Une chose nous afflige en tout ceci, qui nécessairement affligera quiconque aime l’Opéra et sait honnêtement rendre justice à tous les grands talens dont sa troupe se compose : c’est de voir des artistes de premier ordre ainsi relégués au second rang et n’être plus que les comparses d’un succès auquel ils eussent en d’autres circonstances pris la noble et large part qui leur convient. Le public, en témoignant à Mlle Nilsson cet enthousiasme exclusif, en n’applaudissant, ne fêtant, ne voulant qu’elle, obéit à la mobilité de son tempérament. Il boude qui l’ennuie ; tant pis pour vous, si cette psalmodie que vous débitez l’assomme, il fallait mieux choisir ; voici la lumière, il y court, s’enflamme, se passionne, quoi de plus naturel ? Le public est ingrat comme tous les amoureux, et c’est de lui surtout qu’on peut dire qu’il tirerait en feu d’artifice la lune et les étoiles pour célébrer sa maîtresse d’un soir.
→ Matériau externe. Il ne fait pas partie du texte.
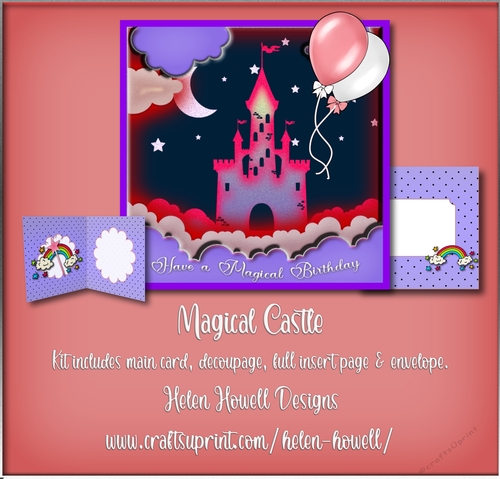 MagicalCastle -Illusion Papercut Card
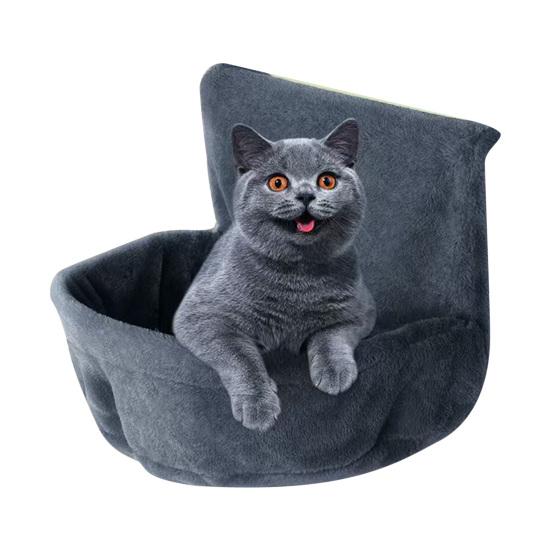 Hanging Cat Bed Cat Window Perch Bedside Plush Hammock Nest with Removable Washable Cover for Indoor Cats Sleeping Rest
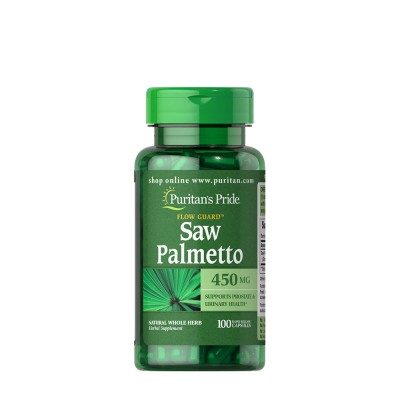 Puritan's Pride - Saw Palmetto 450 mg - 100 Capsules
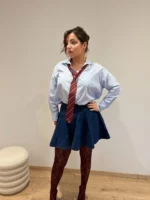 Jupe Joelle Bleu-1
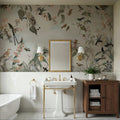Birds Nectar Mural Wallpaper - room preview 06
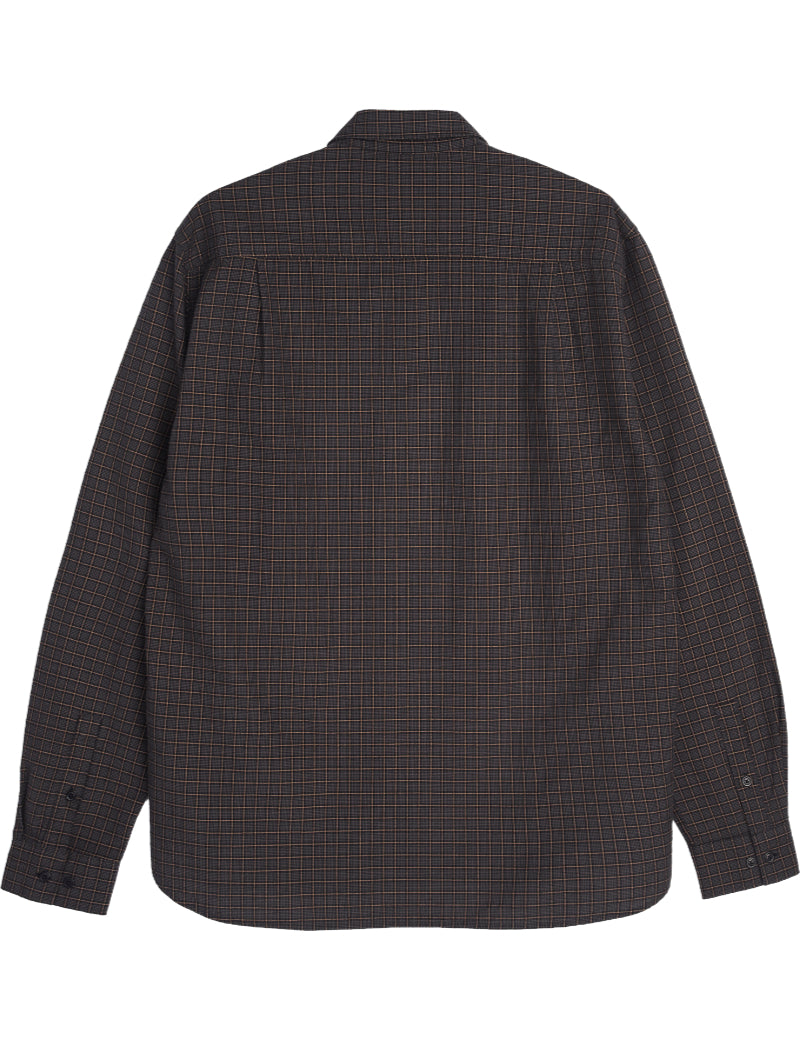 YMC Curtis Shirt Check Grey Multi Back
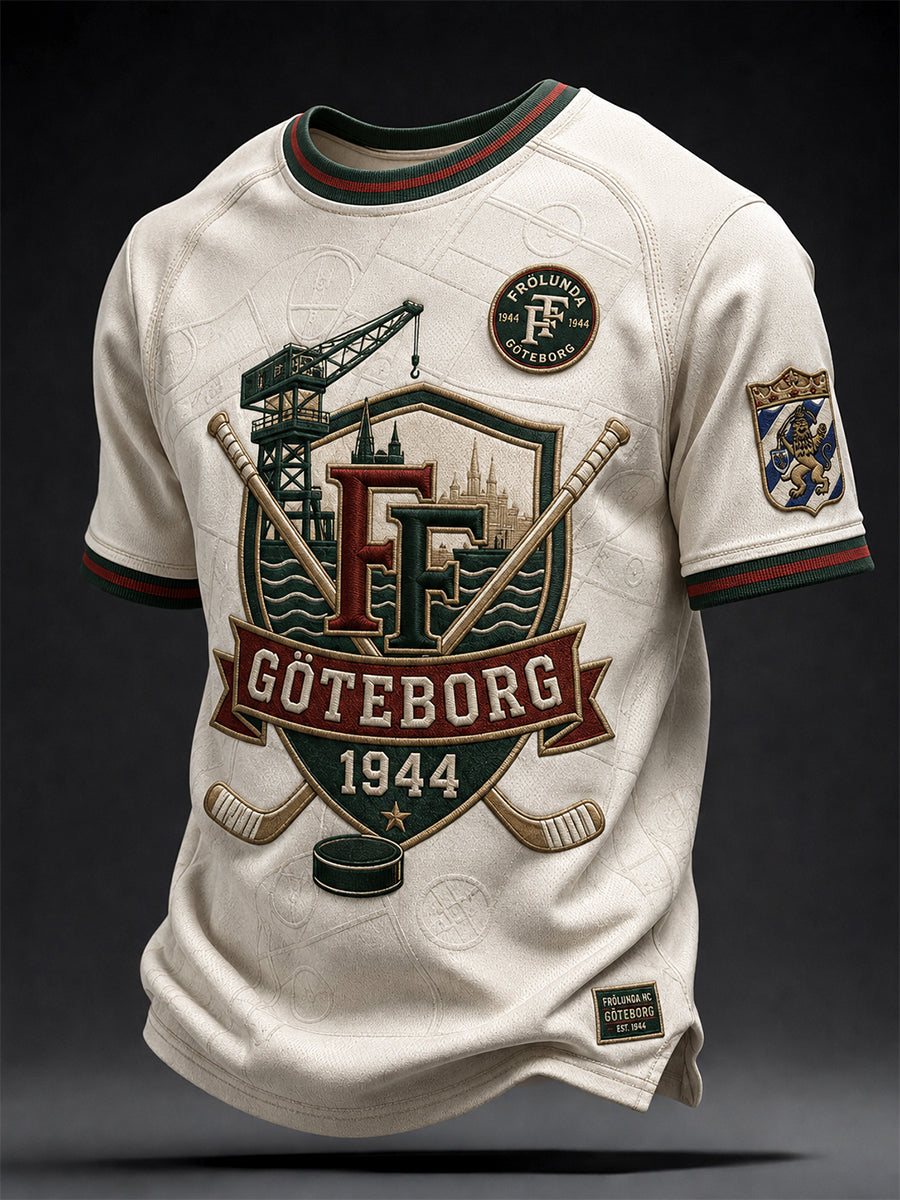 Damer 1944 Göteborg Hockeyarv Våffelmönstrad T-shirt med korta ärmarna
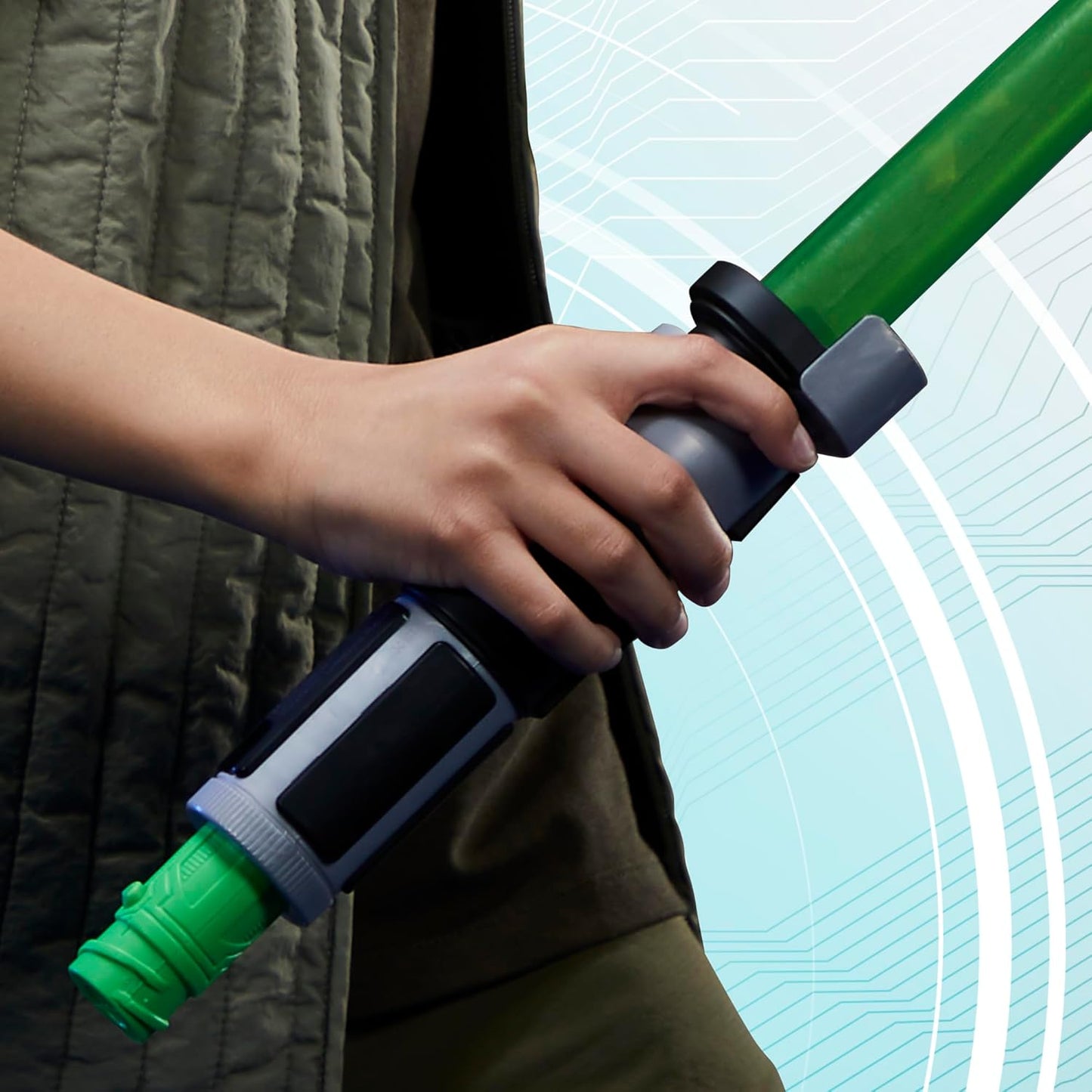 STAR WARS Lightsaber Forge Yoda Green Customizable Electronic Lightsaber for 4 Year Old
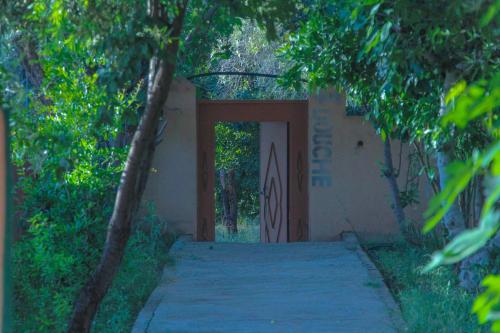 Zahrada ubytování Auberge Toubkal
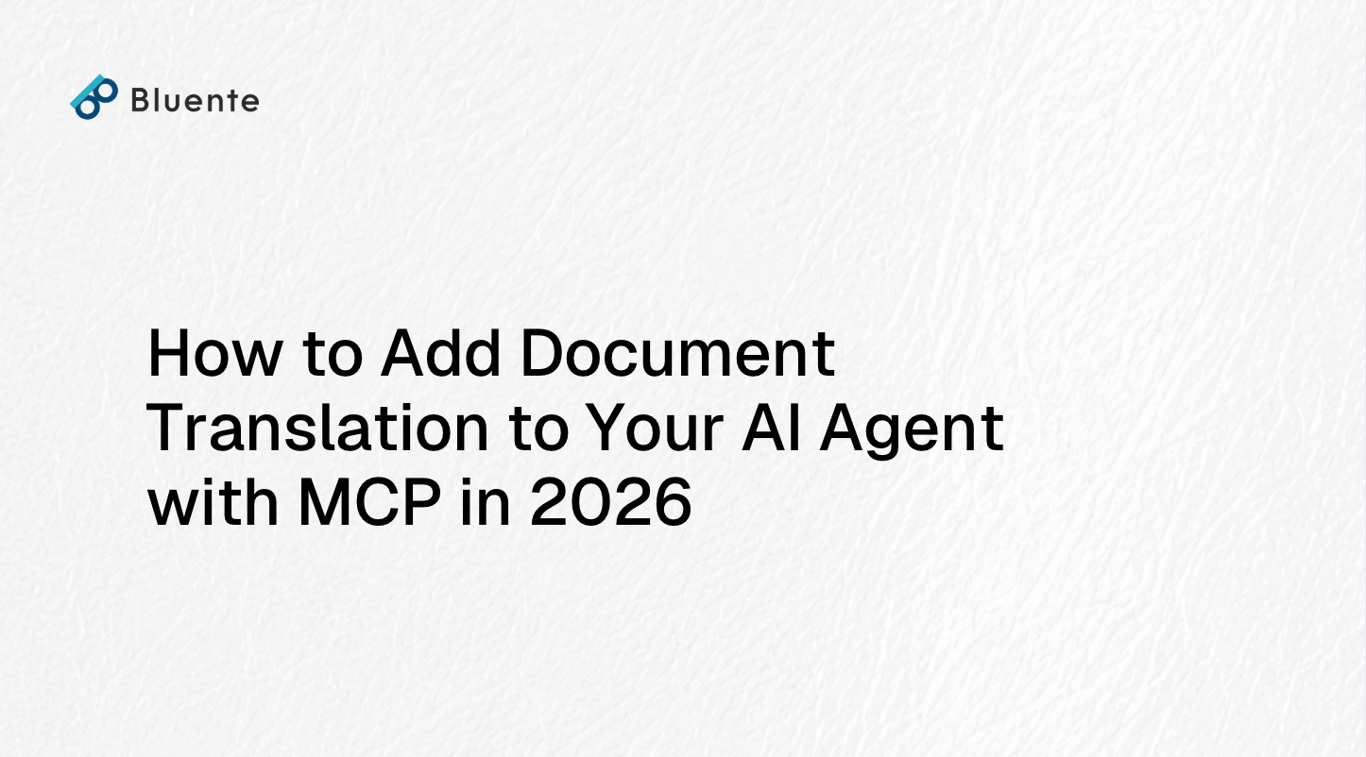 How to Add Document Translation to Your AI Agent with MCP in 2026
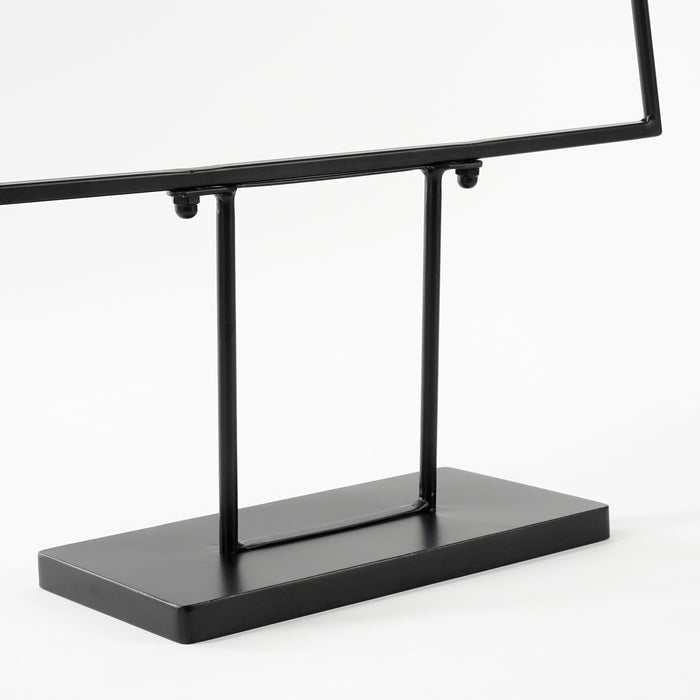 Mica Decorations Decoratie Kerstboom - L50 x B15 x H152 cm - Zwart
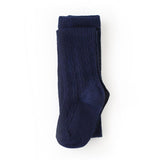 Little Stocking Co Cable Knit Tights - Navy, Little Stocking Co, Cable Knit Tights, cf-size-0-6-months, cf-size-1-2y, cf-size-3-4y, cf-size-5-6y, cf-size-6-12-months, cf-size-7-8y, cf-type-ti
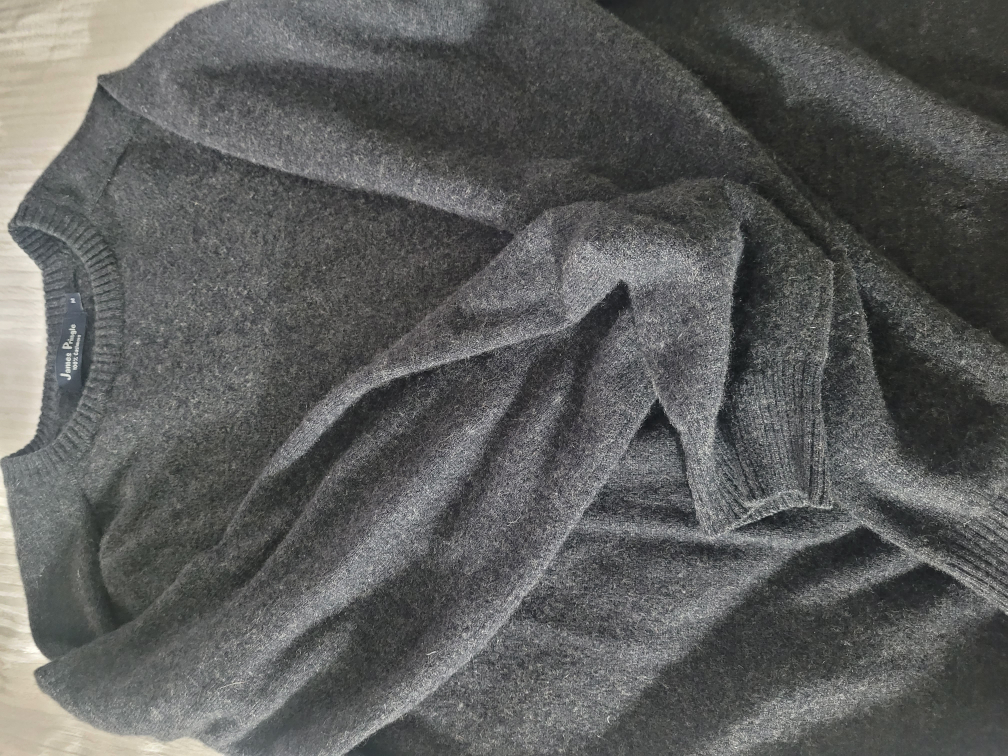 James Pringle 100% Cashmere Sweater - Charcoal Grey - Size M - photo 2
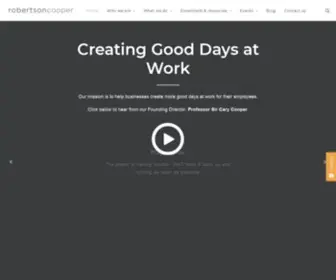 Robertsoncooper.com(Robertson Cooper) Screenshot
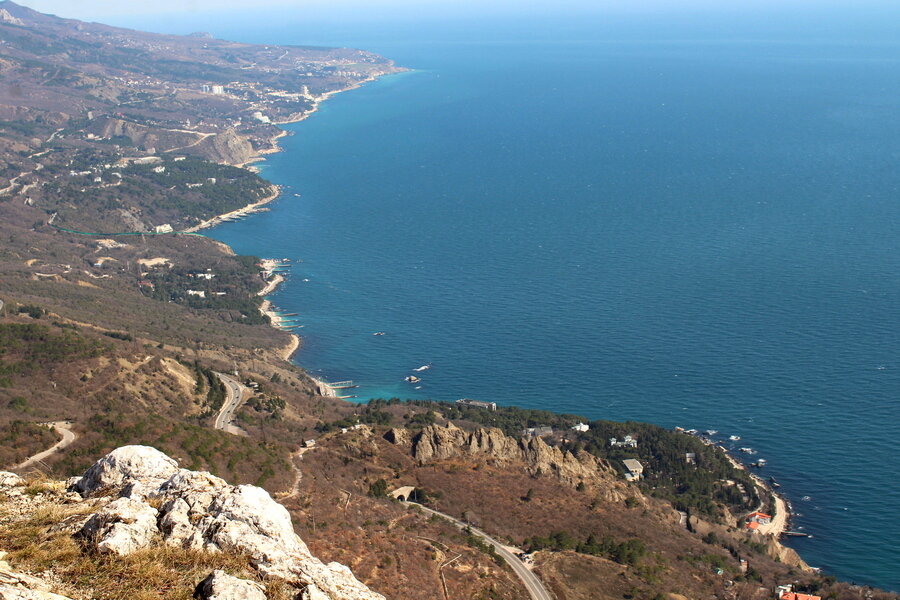 Дорога Севастополь Балаклава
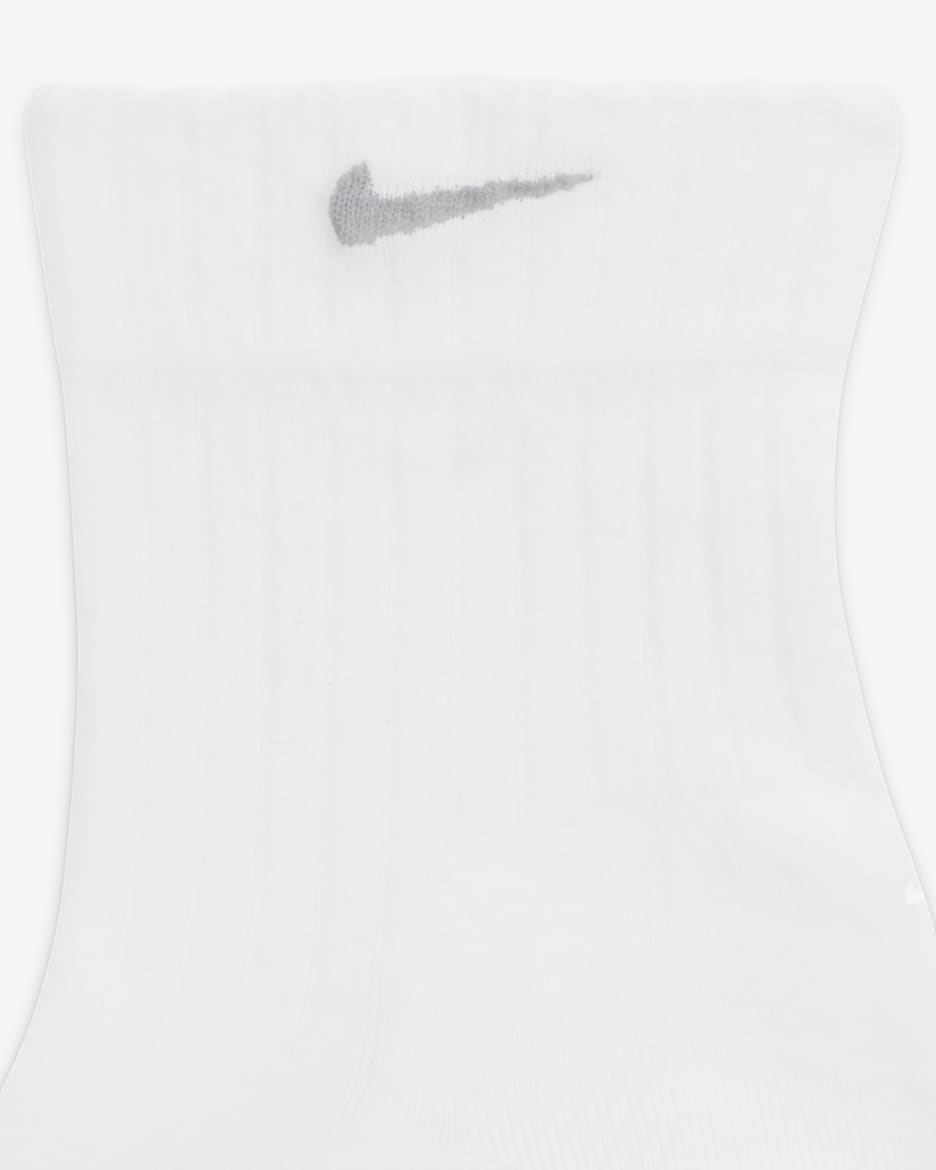 Nike Calcetines hasta el tobillo transparentes (1 par) - Mujer - Blanco/Light Smoke Grey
Par qui rend des services toute l’année, par qui, dans les bons comme dans les mauvais jours, se dévoue à son art, à son théâtre, on conçoit que cette noire ingratitude soit amèrement ressentie. La belle Ophélie a bien du charme, nous n’avons pas été les derniers à le reconnaître[1] ; mais Valentine ; Alice, Sélika, Mathilde, dona Anna, méritent pourtant aussi quelques égards, et l’habileté maintenant serait de ne point trop décourager qui les a fait vivre au répertoire et les y maintiendra quand l’étoile qui danse au firmament à cette heure d’ivresse aura filé vers d’autres cieux. Avec un génie, avec un maître, jamais pareilles ruptures d’équilibre ne sont à redouter. Dans un opéra de Rossini, de Meyerbeer, de Verdi même, il y a de la place pour tout le monde. Hamlet, sans Mlle Nilsson, n’eût pas mené longue carrière ; il réussit par elle, c’est un coup de fortune. Elle a, comme on dit, tiré son épingle du jeu ; mais nous aimons assez son talent et sa gloire, nous aimons surtout assez ce beau théâtre, qui l’a si opportunément mise en toute lumière, pour souhaiter maintenant de la voir sortir de son paysage et figurer dans un tableau de maître, en pleine troupe et non isolément.


F. DE LAGENEVAIS.

  1. Voyez la Revue du 1er juin 1867.